Proenza Schouler are determined to bring real-world needs for real-life silhouettes in SS24.
In recent seasons, Proenza Schouler’s Jack McCollough and Lazaro Hernandez have stressed their determination to address the real-world needs and wants of the real-life women who wear their clothes. Yet in so doggedly emphasizing that essential tenet, arrived at over 20-plus years of a circuitous fashion journey, the designers have perhaps shortchanged themselves. Of course, clothes must serve practical purposes; they must function. But not all clothes are fashion.

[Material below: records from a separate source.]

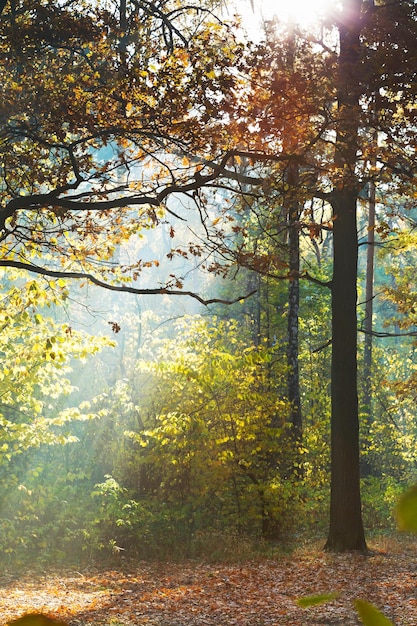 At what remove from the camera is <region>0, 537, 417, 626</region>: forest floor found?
748 cm

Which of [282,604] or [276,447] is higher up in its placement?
[276,447]

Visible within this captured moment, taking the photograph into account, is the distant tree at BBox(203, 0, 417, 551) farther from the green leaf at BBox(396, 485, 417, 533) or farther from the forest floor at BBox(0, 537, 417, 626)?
the green leaf at BBox(396, 485, 417, 533)

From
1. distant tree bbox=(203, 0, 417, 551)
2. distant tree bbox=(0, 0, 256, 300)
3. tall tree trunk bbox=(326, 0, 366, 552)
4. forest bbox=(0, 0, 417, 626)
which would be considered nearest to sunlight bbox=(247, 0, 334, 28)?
forest bbox=(0, 0, 417, 626)

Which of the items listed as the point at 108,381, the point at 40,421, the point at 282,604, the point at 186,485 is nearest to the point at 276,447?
the point at 186,485

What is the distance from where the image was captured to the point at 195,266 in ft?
34.3

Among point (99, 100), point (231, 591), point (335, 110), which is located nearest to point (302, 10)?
point (335, 110)

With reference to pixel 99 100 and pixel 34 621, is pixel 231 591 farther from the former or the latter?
pixel 34 621

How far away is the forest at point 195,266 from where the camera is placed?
24.0ft

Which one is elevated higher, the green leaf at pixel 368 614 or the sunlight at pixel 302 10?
the sunlight at pixel 302 10

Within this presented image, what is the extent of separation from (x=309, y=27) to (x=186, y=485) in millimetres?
8524

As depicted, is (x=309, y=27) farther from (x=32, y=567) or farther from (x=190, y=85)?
(x=32, y=567)

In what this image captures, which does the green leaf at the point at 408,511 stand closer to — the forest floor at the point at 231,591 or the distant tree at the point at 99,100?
the distant tree at the point at 99,100

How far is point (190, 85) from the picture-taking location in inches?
275

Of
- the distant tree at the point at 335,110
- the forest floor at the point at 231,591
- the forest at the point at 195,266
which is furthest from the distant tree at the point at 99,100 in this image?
the forest floor at the point at 231,591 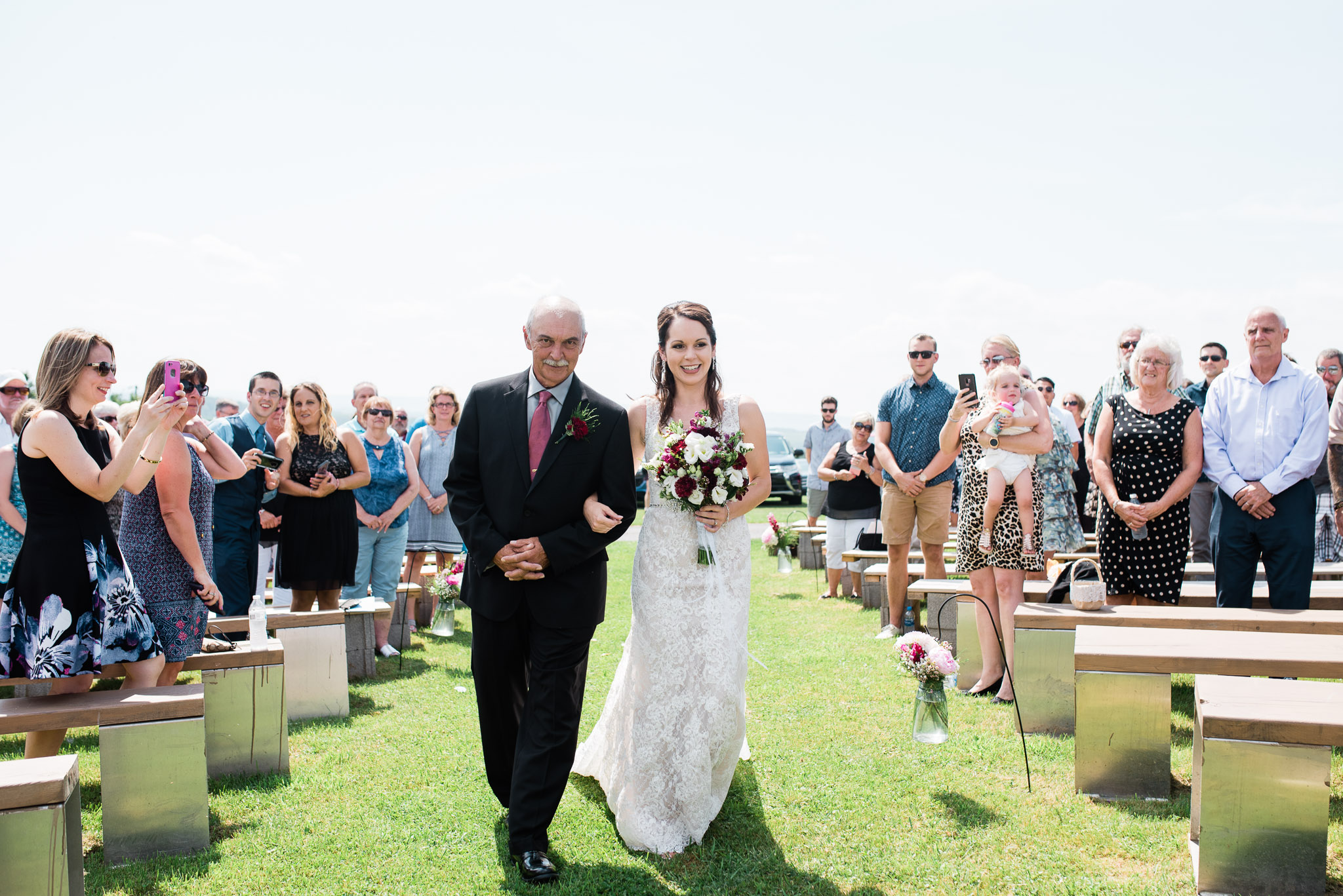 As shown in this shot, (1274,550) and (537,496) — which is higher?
(537,496)

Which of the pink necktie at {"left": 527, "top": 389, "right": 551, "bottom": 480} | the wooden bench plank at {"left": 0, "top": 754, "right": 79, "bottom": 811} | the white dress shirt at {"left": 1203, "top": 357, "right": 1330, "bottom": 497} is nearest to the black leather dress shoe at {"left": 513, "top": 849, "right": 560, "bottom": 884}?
the pink necktie at {"left": 527, "top": 389, "right": 551, "bottom": 480}

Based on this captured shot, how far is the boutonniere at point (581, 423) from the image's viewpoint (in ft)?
13.3

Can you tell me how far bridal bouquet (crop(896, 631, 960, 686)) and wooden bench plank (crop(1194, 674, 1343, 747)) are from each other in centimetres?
119

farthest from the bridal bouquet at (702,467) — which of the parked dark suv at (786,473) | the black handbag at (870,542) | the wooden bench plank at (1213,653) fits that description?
the parked dark suv at (786,473)

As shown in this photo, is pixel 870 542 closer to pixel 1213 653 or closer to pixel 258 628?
pixel 1213 653

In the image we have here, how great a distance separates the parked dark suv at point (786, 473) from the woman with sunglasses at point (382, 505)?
18.1m

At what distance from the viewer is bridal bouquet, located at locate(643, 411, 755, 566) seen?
14.0 ft

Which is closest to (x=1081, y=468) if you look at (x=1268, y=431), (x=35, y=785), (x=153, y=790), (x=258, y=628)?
(x=1268, y=431)

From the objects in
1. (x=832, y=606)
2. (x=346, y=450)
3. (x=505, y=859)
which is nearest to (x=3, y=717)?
(x=505, y=859)

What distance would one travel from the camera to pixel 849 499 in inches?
435

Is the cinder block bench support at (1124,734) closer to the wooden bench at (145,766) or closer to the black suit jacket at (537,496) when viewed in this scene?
the black suit jacket at (537,496)

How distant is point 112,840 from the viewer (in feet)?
13.5

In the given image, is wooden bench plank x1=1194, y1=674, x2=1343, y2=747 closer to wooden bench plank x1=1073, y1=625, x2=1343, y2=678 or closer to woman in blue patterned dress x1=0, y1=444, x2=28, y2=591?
wooden bench plank x1=1073, y1=625, x2=1343, y2=678

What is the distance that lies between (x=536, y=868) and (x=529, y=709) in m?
0.63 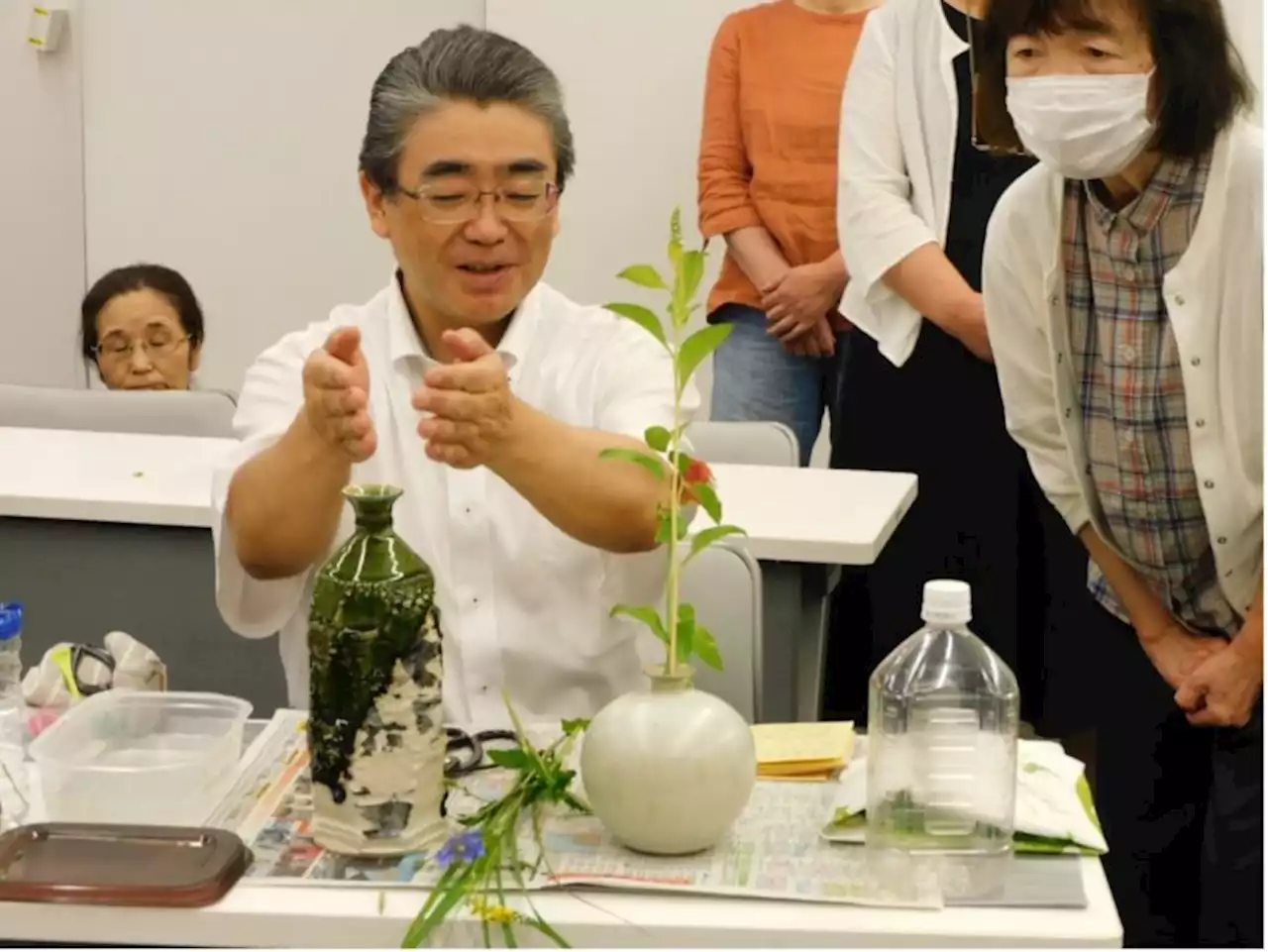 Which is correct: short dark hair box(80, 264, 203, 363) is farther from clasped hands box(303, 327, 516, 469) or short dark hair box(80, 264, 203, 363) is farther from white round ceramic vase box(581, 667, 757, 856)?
white round ceramic vase box(581, 667, 757, 856)

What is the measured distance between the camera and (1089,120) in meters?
1.68

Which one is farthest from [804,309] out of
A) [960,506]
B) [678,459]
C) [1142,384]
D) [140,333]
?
[678,459]

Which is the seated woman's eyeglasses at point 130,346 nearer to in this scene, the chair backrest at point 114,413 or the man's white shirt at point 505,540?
the chair backrest at point 114,413

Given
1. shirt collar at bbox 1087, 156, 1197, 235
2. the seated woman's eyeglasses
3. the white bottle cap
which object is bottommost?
the white bottle cap

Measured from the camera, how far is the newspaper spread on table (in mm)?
1004

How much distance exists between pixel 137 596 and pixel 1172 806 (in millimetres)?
1444

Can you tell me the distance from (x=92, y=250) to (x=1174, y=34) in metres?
3.47

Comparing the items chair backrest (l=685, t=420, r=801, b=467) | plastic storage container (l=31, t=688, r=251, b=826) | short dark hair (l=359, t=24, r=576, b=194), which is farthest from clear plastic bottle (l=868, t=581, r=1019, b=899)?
chair backrest (l=685, t=420, r=801, b=467)

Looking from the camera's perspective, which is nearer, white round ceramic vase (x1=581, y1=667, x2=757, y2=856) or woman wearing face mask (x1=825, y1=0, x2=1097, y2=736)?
white round ceramic vase (x1=581, y1=667, x2=757, y2=856)

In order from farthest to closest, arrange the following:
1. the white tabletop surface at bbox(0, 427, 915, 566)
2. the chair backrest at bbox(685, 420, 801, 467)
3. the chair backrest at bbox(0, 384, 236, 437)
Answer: the chair backrest at bbox(0, 384, 236, 437) → the chair backrest at bbox(685, 420, 801, 467) → the white tabletop surface at bbox(0, 427, 915, 566)

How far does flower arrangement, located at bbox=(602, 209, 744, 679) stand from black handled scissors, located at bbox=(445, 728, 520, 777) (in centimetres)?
20

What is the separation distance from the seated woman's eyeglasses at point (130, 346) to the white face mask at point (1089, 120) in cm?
210

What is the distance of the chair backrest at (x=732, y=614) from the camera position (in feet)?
5.14

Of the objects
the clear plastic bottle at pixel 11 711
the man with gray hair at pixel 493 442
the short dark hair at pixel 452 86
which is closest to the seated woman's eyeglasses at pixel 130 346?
the man with gray hair at pixel 493 442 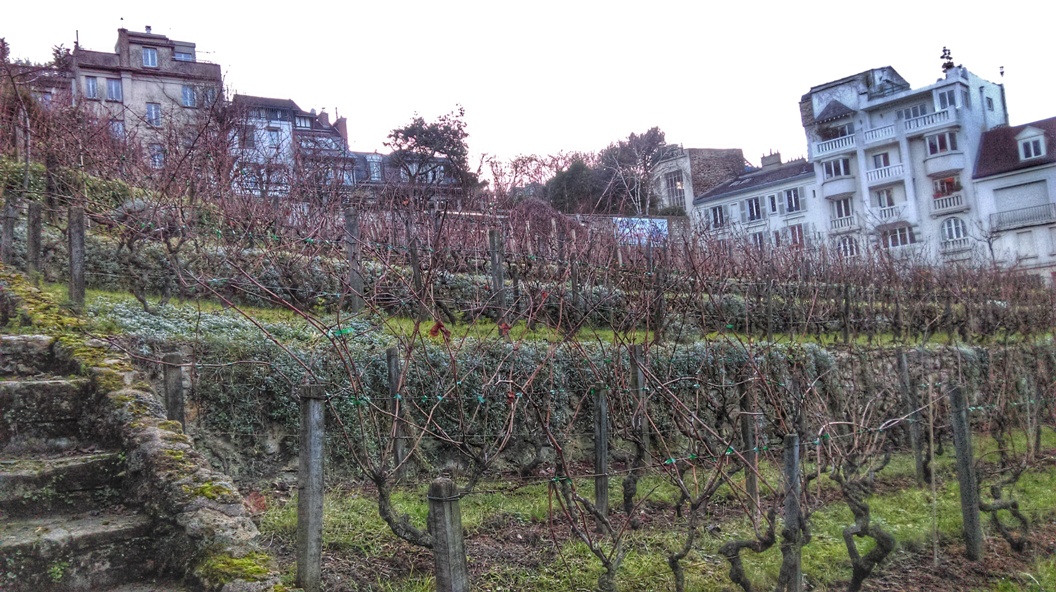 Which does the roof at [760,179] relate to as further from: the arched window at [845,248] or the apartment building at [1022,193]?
the arched window at [845,248]

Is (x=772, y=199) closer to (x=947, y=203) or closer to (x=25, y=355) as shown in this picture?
(x=947, y=203)

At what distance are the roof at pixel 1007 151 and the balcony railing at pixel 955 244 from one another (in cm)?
375

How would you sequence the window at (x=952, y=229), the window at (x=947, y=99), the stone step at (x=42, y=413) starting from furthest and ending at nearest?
the window at (x=947, y=99)
the window at (x=952, y=229)
the stone step at (x=42, y=413)

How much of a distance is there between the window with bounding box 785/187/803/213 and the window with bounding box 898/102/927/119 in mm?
6399

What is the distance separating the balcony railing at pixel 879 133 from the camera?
38.3 m

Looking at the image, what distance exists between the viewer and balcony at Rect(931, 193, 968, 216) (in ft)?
118

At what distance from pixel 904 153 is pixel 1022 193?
18.2 feet

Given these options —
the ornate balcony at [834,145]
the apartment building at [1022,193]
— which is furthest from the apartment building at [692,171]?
the apartment building at [1022,193]

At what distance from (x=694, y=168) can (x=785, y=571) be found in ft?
144

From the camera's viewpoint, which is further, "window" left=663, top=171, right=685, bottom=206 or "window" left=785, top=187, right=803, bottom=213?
"window" left=663, top=171, right=685, bottom=206

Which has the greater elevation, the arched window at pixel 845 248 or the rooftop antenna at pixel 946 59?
the rooftop antenna at pixel 946 59

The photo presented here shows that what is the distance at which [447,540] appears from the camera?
3291 mm

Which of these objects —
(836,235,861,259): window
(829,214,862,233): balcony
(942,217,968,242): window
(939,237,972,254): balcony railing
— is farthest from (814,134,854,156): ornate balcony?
(836,235,861,259): window

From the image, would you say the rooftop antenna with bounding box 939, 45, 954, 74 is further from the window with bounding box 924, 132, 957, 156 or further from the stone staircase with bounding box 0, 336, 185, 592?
the stone staircase with bounding box 0, 336, 185, 592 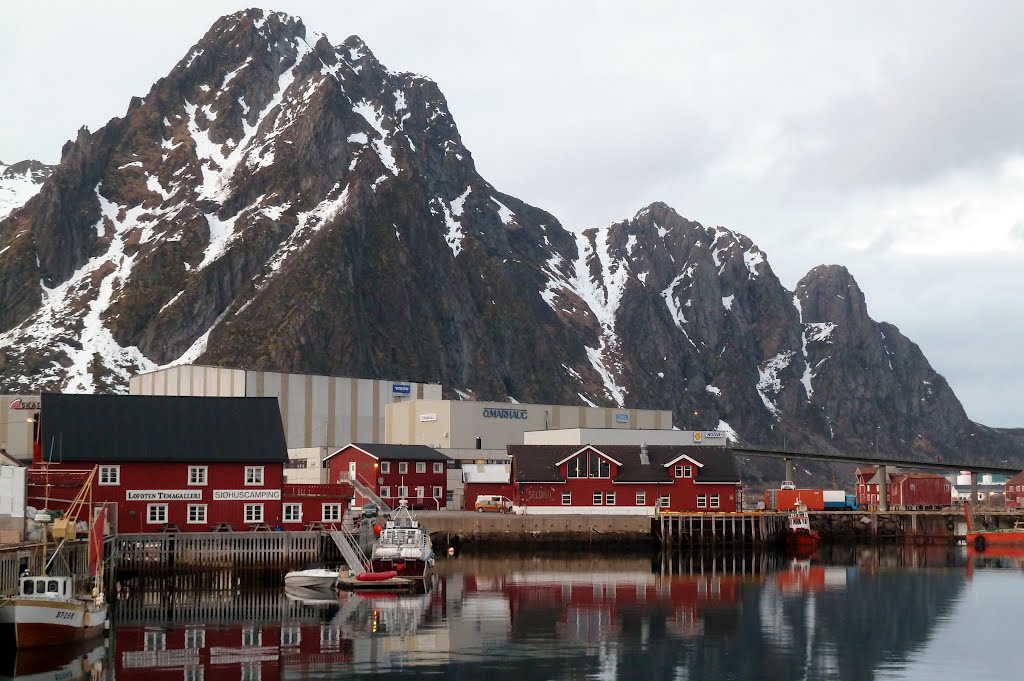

Fashion serves other needs as well – to excite, entice, thrill, captivate, elevate the wearer’s spirit and mind, while making the body look and feel its most fabulous.
For spring, McCollough and Hernandez allowed themselves to immerse fully in both sides of that equation, to near perfect effect. Yes, the clothes work, but they also sing – with power, passion and creativity. As for wearability, gym visits excepted, one would be hard-pressed to come up with a situation, from everyday hustle-bustle to grand evening, that could not be wardrobed from this beautiful lineup.
In two nods to artful expression, the designers showed in Phillips Auction House on Park Avenue, and they debuted a new abstracted PS monogram that appeared on a sweater. Following up on last season when their friend Chloë Sevigny opened the show, this time, musician Natalie Laura Mering, who performs as Weyes Blood, did the honors. By day, smart, often mannish tailoring had an unfettered vibe, but not in the manner of the extreme quiet-luxury construct that can be pedantic in its highly considered plainness. Rather, the clothes worked an audacious cool, shown in bleached jeans and looks that flaunted a pragmatic extra – a double belt with attached hip pouch.
Yes, there was a waft of Helmut Lang – acknowledgment of which is neither a critical dig nor inappropriate designer reference. Lang has entered the pantheon, as legitimate an intentional reference as Yves Saint Laurent. The sturdiness of the tailoring found counterpoint in ethereal dresses that also an bore a touch of the artist – some in long stretches of open fishnet, others in mesmerizing, abstract prints that seemed to float, and a light blue beauty with corded detail that offered a new take on a goddess dress. And tempering the flou: a pair of almost austere strapless leather gowns that worked minimalism for maximum, modernist glamour.